You might have noted, in the language of cigar tasting, that the olfactory and gustatory senses are key. Tasters frequently use the term organoleptic, which refers to all the attributes that can be perceived by the senses.
In order to fully appreciate our cigar, we use all our senses, and more.
In fact, the sensory world goes beyond the 5 common senses: we don’t only look, touch, listen to, smell or taste a cigar. We also feel the effects of external conditions such as temperature, sounds, social atmosphere, …. Needless to say that we better are in a good physical condition to enjoy a cigar.

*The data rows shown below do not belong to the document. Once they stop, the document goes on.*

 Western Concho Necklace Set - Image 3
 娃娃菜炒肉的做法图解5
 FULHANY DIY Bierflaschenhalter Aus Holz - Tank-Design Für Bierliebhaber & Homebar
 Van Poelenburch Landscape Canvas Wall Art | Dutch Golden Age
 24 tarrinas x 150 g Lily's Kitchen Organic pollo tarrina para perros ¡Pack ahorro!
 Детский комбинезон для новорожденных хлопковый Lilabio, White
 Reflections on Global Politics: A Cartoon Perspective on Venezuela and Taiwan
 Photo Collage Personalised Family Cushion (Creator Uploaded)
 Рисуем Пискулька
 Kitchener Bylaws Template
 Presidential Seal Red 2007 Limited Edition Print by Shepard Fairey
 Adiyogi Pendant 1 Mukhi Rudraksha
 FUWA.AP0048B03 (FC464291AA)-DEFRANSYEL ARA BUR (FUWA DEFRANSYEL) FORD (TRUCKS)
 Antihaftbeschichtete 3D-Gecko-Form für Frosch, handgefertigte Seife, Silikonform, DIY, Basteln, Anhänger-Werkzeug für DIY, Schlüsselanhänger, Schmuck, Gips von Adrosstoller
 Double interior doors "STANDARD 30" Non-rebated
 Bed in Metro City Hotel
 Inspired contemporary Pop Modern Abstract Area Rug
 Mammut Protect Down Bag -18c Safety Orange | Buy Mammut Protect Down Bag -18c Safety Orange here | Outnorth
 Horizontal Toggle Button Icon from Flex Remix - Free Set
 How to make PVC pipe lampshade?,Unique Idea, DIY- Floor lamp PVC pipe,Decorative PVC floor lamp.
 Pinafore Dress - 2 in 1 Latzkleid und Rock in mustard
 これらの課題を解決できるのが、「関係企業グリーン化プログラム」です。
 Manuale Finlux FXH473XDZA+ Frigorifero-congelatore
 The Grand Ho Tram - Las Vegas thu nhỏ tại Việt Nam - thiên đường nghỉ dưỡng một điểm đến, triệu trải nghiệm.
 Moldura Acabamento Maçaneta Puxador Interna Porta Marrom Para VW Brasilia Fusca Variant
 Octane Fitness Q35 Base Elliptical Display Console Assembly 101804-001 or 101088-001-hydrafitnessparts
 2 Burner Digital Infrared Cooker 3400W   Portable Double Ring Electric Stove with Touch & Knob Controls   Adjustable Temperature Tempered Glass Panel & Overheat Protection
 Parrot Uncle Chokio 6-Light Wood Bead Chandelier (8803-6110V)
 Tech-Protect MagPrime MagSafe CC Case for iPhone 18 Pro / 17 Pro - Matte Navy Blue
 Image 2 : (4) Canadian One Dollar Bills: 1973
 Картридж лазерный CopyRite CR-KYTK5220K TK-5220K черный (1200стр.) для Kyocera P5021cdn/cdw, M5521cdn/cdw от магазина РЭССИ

Tasting a good cigar may improve our mood, but if we are in a bad mood we risk to negatively affect our experience.
I would like to share the olfactory and gustatory language that we adopt at Cigar Sense. In other words, on how we call what we perceive with our nose and with our mouth when tasting a fine cigar.
Scents, Aromas, Tastes…
Most cigar lovers (87% based on an informal survey conducted by Cigar Sense in 2014) find that flavors are the most important criteria for them to choose new cigars to try. Of course, once we have a good set of fine cigars that we want to try, which we selected based on our personal taste, then many other factors come into play: how much time we can set aside to enjoy our cigar, in which moment of the day we want to smoke, the drink we wanted to try for a long time, … you name it.
But now, let’s deep-dive into a first step and consider the role of our nose and palate in the tasting of a cigar.
When we smell a cigar before lighting it, we talk about scents, or raw aromas or odors. When the cigar is lit, we perceive aromas.
All can be perceived in two different ways:
- directly (direct olfaction), as we approach our nose to the cigar. This can be in the case of the raw or of the lit cigar.
- indirectly (retro-olfaction): this means perceiving the aromas through the smoke (or the air, in the case of the raw cigar) that we push from within our mouth up toward the nose cavity.
Flavor is a complex combination of scents and aromas that have one characteristic: they are perceived in retro-olfaction.
When we hold the smoke of the cigar in our mouth, we perceive aromas through the nose, but we also have perceptions in our mouth and palate. At this point, it is common to simplify the verbiage and define as tastes not only the basic tastes, but also the tactile (palate) perceptions or mouthfeel.